At a time when most recent college graduates are closing Internet deals, or at least trying to close Internet deals, entrepreneurs Jeremy Kraus, 24, and Sam Cohen, 23, have taken the decidedly low-tech fork in the road. But that's OK, because the pair sees plenty of opportunity--and the prospects for creating a good, old-fashioned fortune--in, of all things, ice cream.
Jeremy's Microbatch Ice Cream began in 1997 when Kraus, then an undergraduate student at the University of Pennsylvania's Wharton School of Business, wrote a business plan as part of an entrepreneurial-studies class. What Kraus came to see from his research, according to partner Sam Cohen, "was that there were opportunities for niche players to evolve into national brands if the roll-out was executed properly." More important, in the ice-cream business, there hadn't been a blockbuster success since Ben & Jerry's--and that was more than 20 years ago.
The true catalyst for the venture, however, came from the reactions to the plan. According to Cohen, "People were interested in it. They wanted to talk about it. And the more Jeremy talked about the idea and his company, the more it seemed to make good sense."
While still in his junior year, Kraus started making ice cream and looking for outside capital. Cohen started working with him, first as a volunteer, but then more formally as the pair clicked. The real turning point came at the end of 1997 and into 1998, as Jeremy's Microbatch landed its first round of outside capital from professional investors--$150,000. "After that point, we started taking the business seriously," says Cohen. "It stopped being something fun and started to be, for us, something that really had a shot."
The ante was upped a short time later in the spring of 1998, when venture firm Bluestem Capital of Sioux Falls, South Dakota, invested another $900,000. Says Cohen of his remote investor, "In the digital age, you'll go a long way to sell an ice-cream deal."
But now that some outside investors were on board, getting them back out some day--in other words, ensuring the company offered an exit strategy to cash out--became a significant consideration. Only three scenarios were now likely for Jeremy's Microbatch Ice Cream: outright failure, acquisition by a larger firm or an IPO. Failure didn't seem to be an option. Nor did working for someone else. An IPO loomed large, and the pair filed a registration statement to go public on October 25, 1999.
THE WAY WE WERE
In many respects, selling an IPO (or, for that matter, any kind of deal) hasn't advanced much since the time ice cream was invented. Entrepreneurs pitch investors and brokers directly in a tortuous rite of passage known as a roadshow, which happens during the course of two to three weeks, or in a less structured series of meetings that can stretch over a period of months.
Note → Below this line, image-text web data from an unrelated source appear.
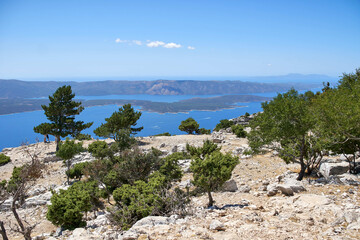 Sticker - Scenic view of Zlatni Rat Beach in Bol, Croatia under a blue sky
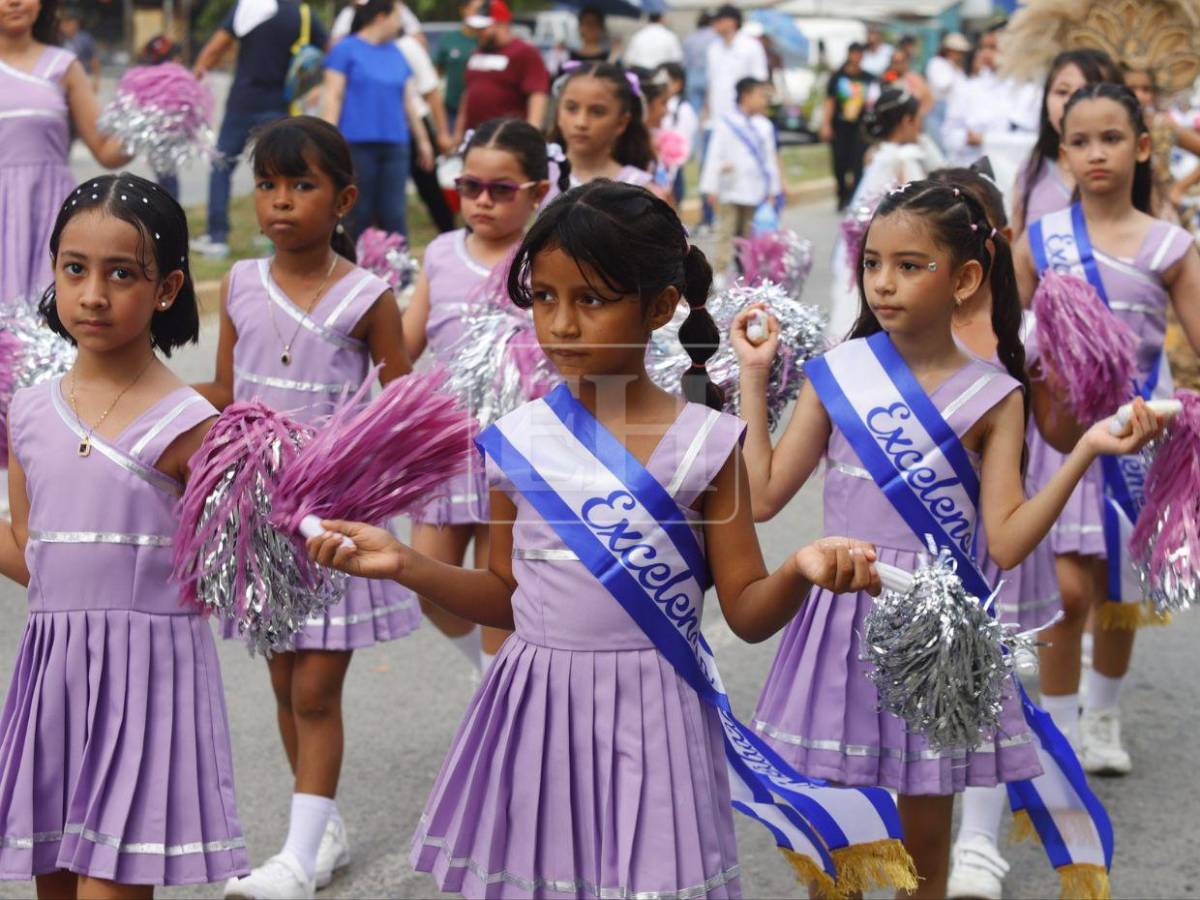 Los más pequeños rinden homenaje a la Patria en su 205 aniversario de Independencia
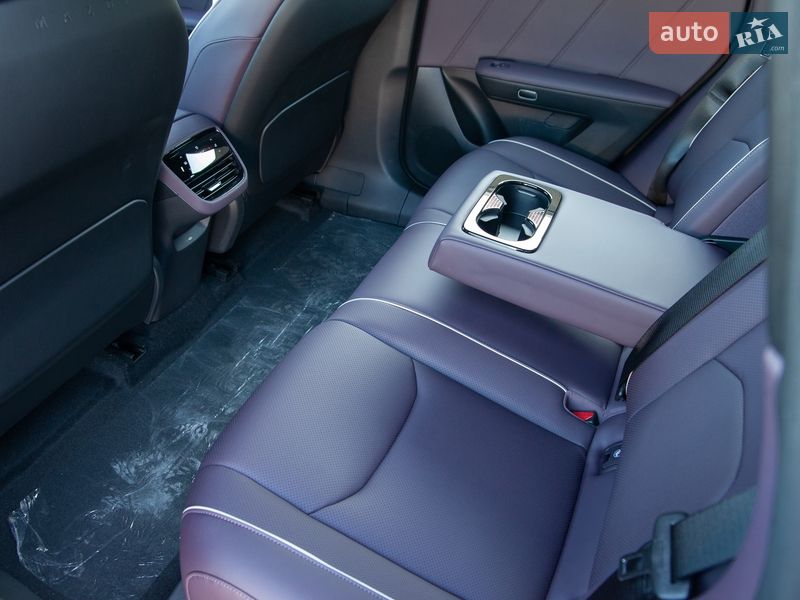 Внедорожник / Кроссовер Mazda EZ-60 2025 в Киеве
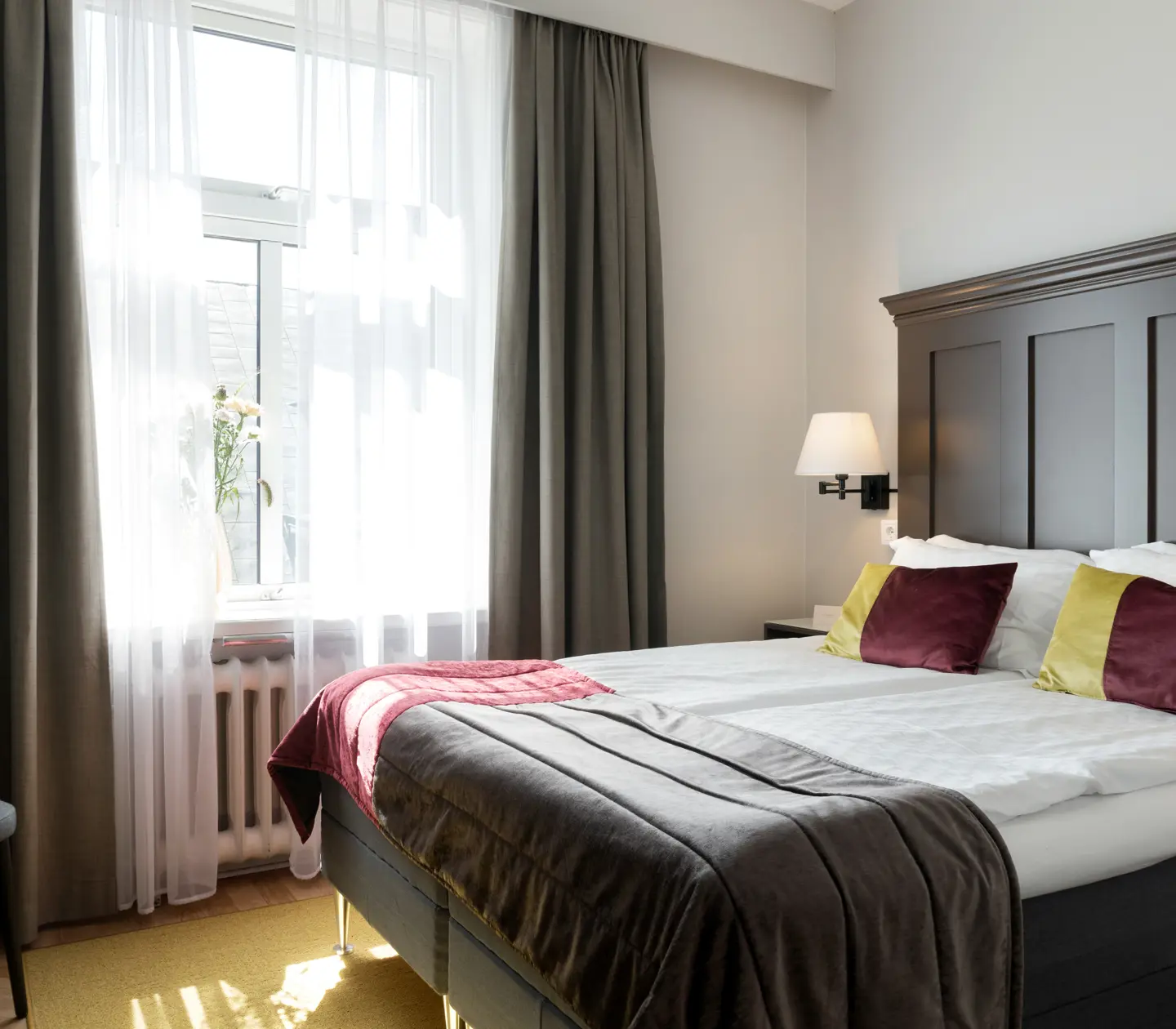 Hotellrum med dubbelsäng och fönster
But what has changed is the pace at which businesses are conceived, financed and rolled out. This happens fast. And what entrepreneurs are finding is that time spent on the roadshow could be better-used. Companies actually undermine their own future prospects by taking the CEO, CFO, and perhaps other key personnel out of the business at a critical juncture in its development. Yet this has to happen, because if the company is not at some critical juncture, perhaps even at the very precipice of stunning success, then why even have an offering to begin with?
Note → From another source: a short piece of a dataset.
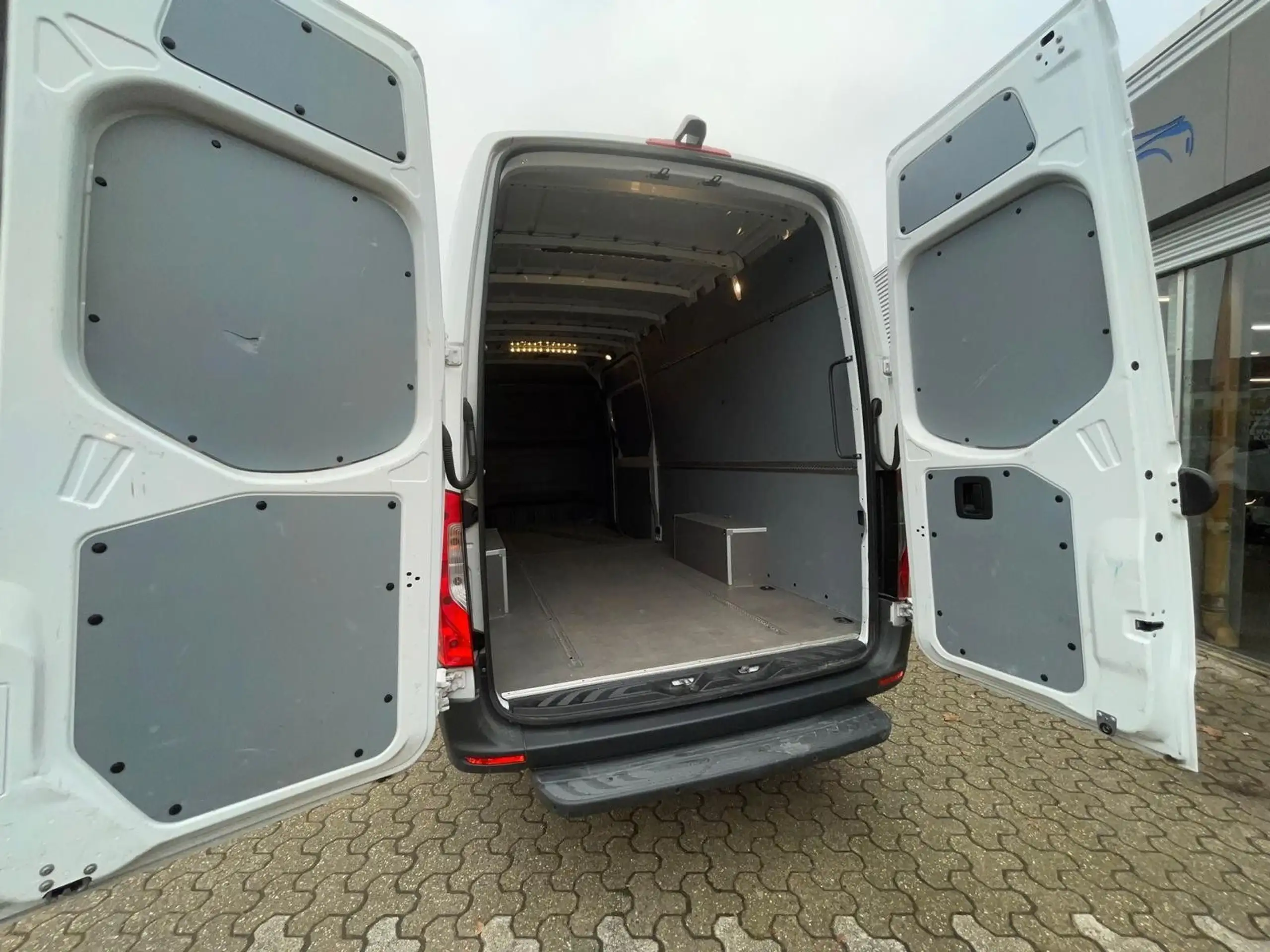 Mercedes-Benz - Sprinter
Well, any tool to get investors is a good tool, and in many respects, says David Bauman, founder and president of Philadelphia-based Investor Broadcast Network, "that tool is here today, and it's called the virtual roadshow." Bauman's firm is one of several Internet firms enabling companies bidding for IPOs to put their roadshow on the Net and, the theory goes, dramatically reduce out-of-pocket expenses and the drain on management time.
According to Bauman, the mechanics of a virtual roadshow are driven in large measure by the dictates of the Securities and Exchange Commission (SEC), which regulates the selling and trading of securities. First, says Bauman, virtual roadshows, like real roadshows, are not open to the public. They are password-protected by the investment banker running the deal. In theory, the banker provides the password to accredited investors, which include institutions and licensed brokers.
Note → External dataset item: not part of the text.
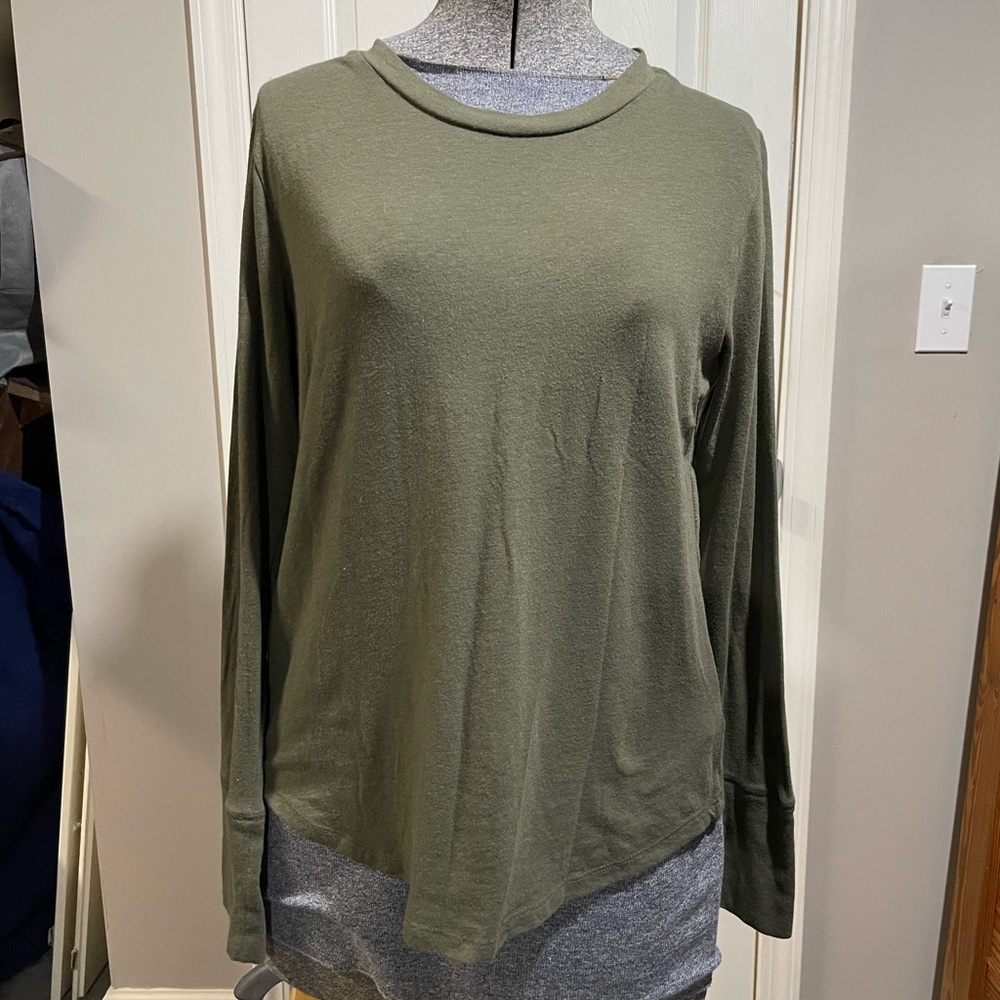 Gap Featherweight Crewneck Long Sleeve Tshirt Olive Green Large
Second, he says, the virtual roadshow is not always a live event. During the course of a traditional roadshow, the management team might give their presentation between 50 and 60 times to different audiences. The virtual roadshow, however, gives investors access to so-called streaming video over the Internet that is representative of a live presentation. Bauman says companies generally use the "kick-off presentation," often hosted at the investment banker's headquarters, as the one they stream over the Internet.
Another facet of virtual roadshows dictated by SEC rules is that a prospectus must be immediately accessible and the presentation cannot be copied by the viewer--presumably to cut short the possibility of the presentation getting into the wrong hands.